Grundsätzlich ist die BMW R 1200 C sowohl unter dem Gesichtspunkt der fahrdynamischen wie stilistischen Eigenschaften ein höchst erfreuliches Fahrzeug. Der auf fast 1200 Kubikzentimeter vergrößerte Vier-Ventil-Boxermotor könnte dagegen zusätzliche Zuwendung der Techniker vertragen. Gerade beim geruhsamen Cruisen, dem Dahinrollen mit niedriger Drehzahl, stört das Konstantfahrruckeln, auch wenn es beim 1200er-Motor schwächer ausgeprägt ist als bei den anderen Boxer-Trieblingen. Daß nach dem Kaltstart immer wieder blauer Rauch aus dem Auspuff entwichen ist, mag eine Eigenart der Testmaschine gewesen sein. Ölverbrauch konnten wir nicht feststellen. Der Spritkonsum ist mäßig: 4,7 bis etwa 6,5 Liter Super-Benzin, je nach Fahrweise.
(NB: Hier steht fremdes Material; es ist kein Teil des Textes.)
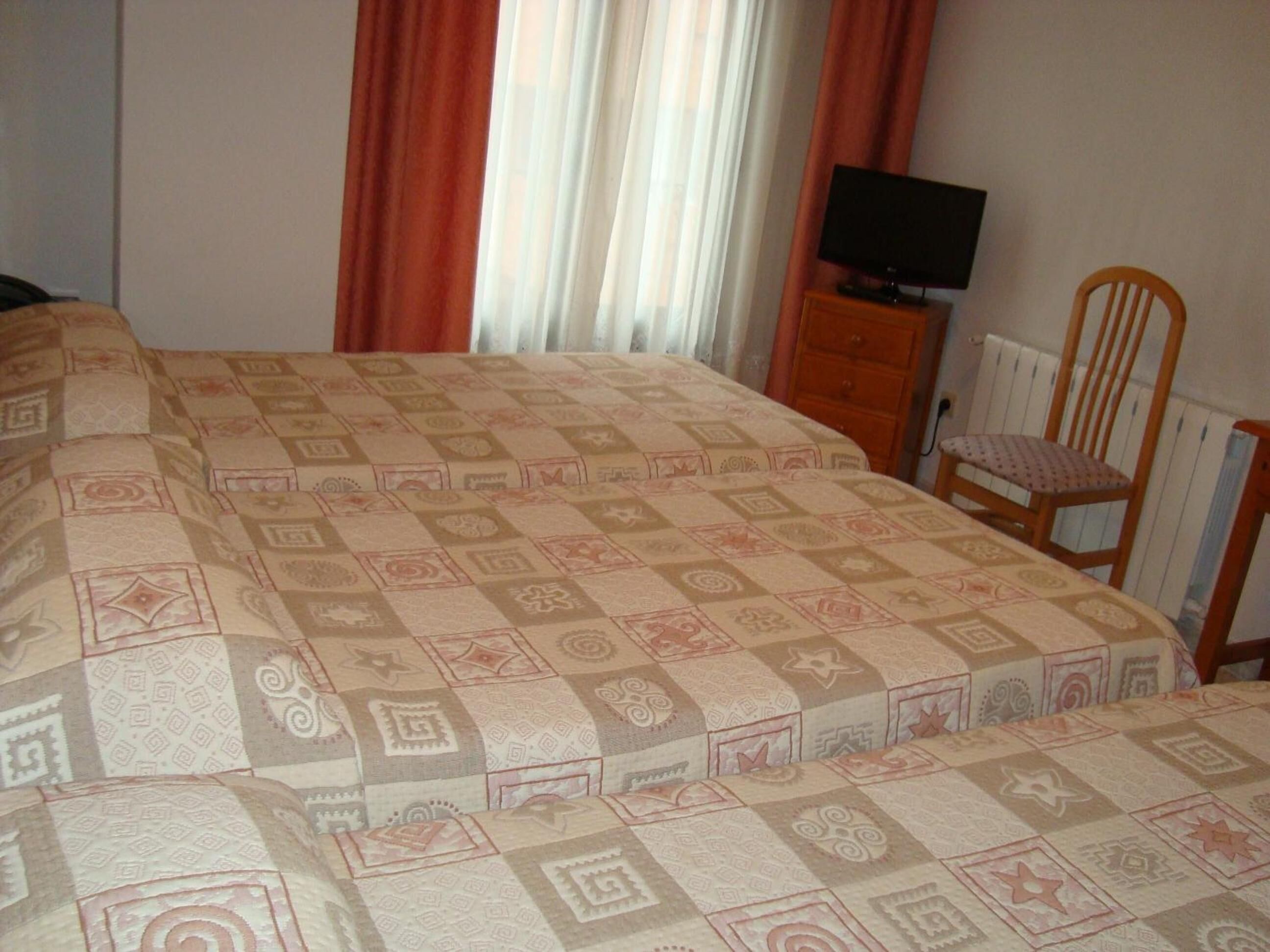 Foto - Hostal Universal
So fahrfreudig das Fahrwerk ausgefallen ist, so sehr stört uns bei aller für einen Cruiser unglaublichen Fahrdynamik doch die Härte des hinteren Federbeins; hier würden wir uns über eine komfortablere Lösung freuen. Ansonsten bleibt nur das Fahrwerksurteil: phantastisch!

Geduld und meist auch ein Papiertuch braucht man beim Tanken: Der Tank ist schwer befüllbar, und zudem spritzt es dabei ganz gerne - kein reiner Quell der Freude. Dafür wollen wir die als Zubehör erhältlichen, neu entwickelten und mit Leder bezogenen Gepäckkofer - erstmals in der BMW-Geschichte - uneingeschränkt loben: Sie sind höchst einfach und narrensicher zugleich in ihrer Handhabung.

Einen Pfennigartikel hat sich BMW bislang beim vergleichsweise sehr reichlichen Bordwerkzeug gespart. Doch wer unterwegs mal einen Seitendeckel demontieren muß, wird einen passenden kleinen Imbus-Schlüssel schmerzlich vermissen. Hoffentlich wird hier noch nachgelegt.

Damit angesichts dieser verhältnismäßig vielen kritischen Anmerkungen kein falscher Eindruck entsteht, sei noch einmal gesagt. Die R 1200 C ist ein Prachtstück: kräftiger Motor mit G-Kat, hervorragendes Fahrwerk, exzellente Bremsen, sehr gute Verarbeitung. Und ein Design, das sich in seiner Eigenständigkeit wohltuend von allen anderen Cruisern abhebt. Angesichts des Interesses, das die Testmaschine allerorten hervorrief, prophezeien wir BMW einen Bestseller für das kommende Jahr. Perfekt ist die R 1200 C freilich nicht, aber sie wäre auch das erste Motorrad, das 100 Prozent erreichen würde. 95 Prozent sind auch schon über dem Schnitt. Ob einem der Cruiser 28 875 Mark wert ist, muß jeder selbst entscheiden.